Aspect 64: An apparatus for wireless communications at a network entity, comprising at least one means for performing a method of any of aspects 35 through 51.


Aspect 65: A non-transitory computer-readable medium storing code for wireless communications at a network entity, the code comprising instructions executable by a processor to perform a method of any of aspects 35 through 51.


Aspect 66: An apparatus for wireless communications at a core network node, comprising a processor; memory coupled with the processor; and instructions stored in the memory and executable by the processor to cause the apparatus to perform a method of any of aspects 52 through 56.


Aspect 67: An apparatus for wireless communications at a core network node, comprising at least one means for performing a method of any of aspects 52 through 56.


Aspect 68: A non-transitory computer-readable medium storing code for wireless communications at a core network node, the code comprising instructions executable by a processor to perform a method of any of aspects 52 through 56.


It should be noted that the methods described herein describe possible implementations, and that the operations and the steps may be rearranged or otherwise modified and that other implementations are possible. Further, aspects from two or more of the methods may be combined.


Although aspects of an LTE, LTE-A, LTE-A Pro, or NR system may be described for purposes of example, and LTE, LTE-A, LTE-A Pro, or NR terminology may be used in much of the description, the techniques described herein are applicable beyond LTE, LTE-A, LTE-A Pro, or NR networks. For example, the described techniques may be applicable to various other wireless communications systems such as Ultra Mobile Broadband (UMB), Institute of Electrical and Electronics Engineers (IEEE) 802.11 (Wi-Fi), IEEE 802.16 (WiMAX), IEEE 802.20, Flash-OFDM, as well as other systems and radio technologies not explicitly mentioned herein.
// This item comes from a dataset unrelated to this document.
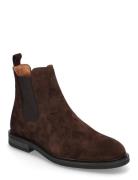 J. Lindeberg Chelsea Suede Boot Brun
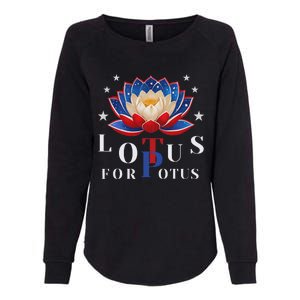 Lotus For Potus Kamala Harris 2024 President Trend Election Womens California Wash Sweatshirt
Information and signals described herein may be represented using any of a variety of different technologies and techniques. For example, data, instructions, commands, information, signals, bits, symbols, and chips that may be referenced throughout the description may be represented by voltages, currents, electromagnetic waves, magnetic fields or particles, optical fields or particles, or any combination thereof.


The various illustrative blocks and components described in connection with the disclosure herein may be implemented or performed using a general-purpose processor, a DSP, an ASIC, a CPU, an FPGA or other programmable logic device, discrete gate or transistor logic, discrete hardware components, or any combination thereof designed to perform the functions described herein. A general-purpose processor may be a microprocessor but, in the alternative, the processor may be any processor, controller, microcontroller, or state machine. A processor may also be implemented as a combination of computing devices (e.g., a combination of a DSP and a microprocessor, multiple microprocessors, one or more microprocessors in conjunction with a DSP core, or any other such configuration).


The functions described herein may be implemented using hardware, software executed by a processor, firmware, or any combination thereof. If implemented using software executed by a processor, the functions may be stored as or transmitted using one or more instructions or code of a computer-readable medium. Other examples and implementations are within the scope of the disclosure and appended claims. For example, due to the nature of software, functions described herein may be implemented using software executed by a processor, hardware, firmware, hardwiring, or combinations of any of these. Features implementing functions may also be physically located at various positions, including being distributed such that portions of functions are implemented at different physical locations.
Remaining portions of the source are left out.